With the ill-fated Republic clinging on for dear life (and everyone from Soviet agents to anarchists and would-be Brownshirts vying for power) Babylon Berlin is a portrait of a society on the edge of collapse – but having one hell of a ball before it goes under.
When a young boy goes missing in modern-day rural Germany only for a separate body to turn up in 1980s’ clothing, residents start to suspect something seriously strange is going on.
Taking place over three separate time periods – 1953, 1986 and 2019 – Dark is a complicated and rewarding German thriller that’s drawn comparisons to Stranger Things and Twin Peaks.

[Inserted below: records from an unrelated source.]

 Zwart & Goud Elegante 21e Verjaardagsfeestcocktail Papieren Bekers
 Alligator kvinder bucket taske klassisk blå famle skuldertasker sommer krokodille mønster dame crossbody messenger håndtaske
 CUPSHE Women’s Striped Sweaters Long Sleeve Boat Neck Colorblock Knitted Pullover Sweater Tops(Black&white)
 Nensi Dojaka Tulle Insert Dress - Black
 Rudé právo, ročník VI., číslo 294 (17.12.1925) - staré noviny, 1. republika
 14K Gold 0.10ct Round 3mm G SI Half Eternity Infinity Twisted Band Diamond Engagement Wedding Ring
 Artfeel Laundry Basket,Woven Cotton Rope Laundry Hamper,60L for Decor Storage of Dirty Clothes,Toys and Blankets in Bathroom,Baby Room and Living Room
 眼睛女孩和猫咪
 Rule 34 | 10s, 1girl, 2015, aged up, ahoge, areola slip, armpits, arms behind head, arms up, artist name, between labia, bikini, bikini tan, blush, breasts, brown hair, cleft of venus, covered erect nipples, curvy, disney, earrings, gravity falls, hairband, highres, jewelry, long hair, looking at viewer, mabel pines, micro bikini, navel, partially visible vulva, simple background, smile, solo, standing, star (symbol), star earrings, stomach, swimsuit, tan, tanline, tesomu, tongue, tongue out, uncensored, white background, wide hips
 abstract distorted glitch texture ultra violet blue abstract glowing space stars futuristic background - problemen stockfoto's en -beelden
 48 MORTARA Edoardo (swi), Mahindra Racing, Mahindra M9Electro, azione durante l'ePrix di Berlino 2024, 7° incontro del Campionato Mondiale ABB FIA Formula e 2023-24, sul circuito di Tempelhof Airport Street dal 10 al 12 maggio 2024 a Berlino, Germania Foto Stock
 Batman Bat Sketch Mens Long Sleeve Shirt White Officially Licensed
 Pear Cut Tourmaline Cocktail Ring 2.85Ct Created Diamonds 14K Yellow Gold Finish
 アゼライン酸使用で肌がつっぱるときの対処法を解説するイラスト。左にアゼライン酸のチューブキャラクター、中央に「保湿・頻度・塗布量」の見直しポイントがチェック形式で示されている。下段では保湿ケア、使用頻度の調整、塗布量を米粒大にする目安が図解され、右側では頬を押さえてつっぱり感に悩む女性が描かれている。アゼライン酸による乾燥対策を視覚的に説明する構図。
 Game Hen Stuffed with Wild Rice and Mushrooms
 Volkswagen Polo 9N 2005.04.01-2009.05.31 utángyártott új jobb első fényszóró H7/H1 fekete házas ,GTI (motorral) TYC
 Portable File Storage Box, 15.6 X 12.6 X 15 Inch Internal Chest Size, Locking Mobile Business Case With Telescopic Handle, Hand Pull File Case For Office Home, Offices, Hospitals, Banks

As the time-travel plot expands, the series moves away from murder mystery and becomes more of an intelligent sci-fi, as characters from across the splintered timelines try to work together to solve the other-worldly mystery that have brought them together.
Money Heist (Netflix)
Spanish drama Money Heist (or La casa de papel) has become a ratings sensation for Netflix – just not in the English-speaking world.
Kicking off with an impossibly-stylish team of international crooks plotting to take over the Spanish mint, this siege epic has seduced audiences with its telenovela-style romantic plots and unashamedly melodramatic twists.
Despite being one of the most streamed shows in Netflix history, Money Heist has only a small following over here – though its distinctive aesthetic is starting to break through. If you’ve ever seen a red cloaked figure in a cartoonish Dali mask on Instagram lately, now you know why.
Suburra: Blood on Rome (Netflix)
Beginning with an audacious plot to blackmail a sex-addicted priest, Suburra soon becomes something resembling a buddy drama as three unlikely allies – a Sinti-speaking closeted gypsy, a would-be policeman, and a gangland heir – team up to try to take control of Rome.
While there are plenty of flashy guns and cars on show (would Netflix ever commission a crime series without them?), Suburra is a cut above the average mafia yarn, creating an almost claustrophobic sense of what it’s like to be caught up in the underworld.
But for all the snarling gangster types on show, it’s notable that the show’s star turn comes from former Italian showgirl Claudia Gerini who plays the superbly-corrupt advisor to the Holy See, Sara Monaschi.
Call My Agent (Netflix)
Like a Gallic answer to Curb Your Enthusiasm, cult comedy Call My Agent has been lapped up by French viewers for its affectionate yet waspish take on the country’s artistic traditions.
Just look at the guest-stars who have been drawn to the show – with the likes of Monica Bellucci, Isabelle Huppet and Juliette Binoche all appearing in recent years. Gerard Depardieu, meanwhile, is rumoured to be due a turn in the upcoming season.
And even those of us dependent on the subtitles can still appreciate the whip-smart Succession-esque dialogue that’s won praise from critics and fans alike.
The Valhalla Murders (Netflix)
While the Nordic noir genre is so well established it could probably have its own dedicated streaming service, The Valhalla Murders is one of only two efforts from plucky Iceland to make it to Netflix.
Revolving around a suitably grisly plot involving child abduction from a state institution, the eight-part series weaves in enough clever procedural twists to have fans of the genre keenly watching every move.
Of course being Icelandic, The Valhalla Murders does have one secret weapon when it comes to its regional counterparts: the sheer amount of breathtaking scenery on show. Prepare to get some serious landscape envy.
Billed as Spain’s answer to Gossip Girl, Elite is a knowingly trashy – but no less engaging – romp about three working-class teens who end up transferred to a school for the children of the super-rich.
Making liberal use of flash forwards – in which the previously cocksure teens are quizzed in custody – the first season slowly builds towards an almost implausible murder, after which things only get wilder.
Having established itself as a guilty pleasure for people who wouldn’t otherwise own up to watching it, Elite has just been renewed for its fourth and final season. All things being well, it’s due to arrive on Netflix in 2021.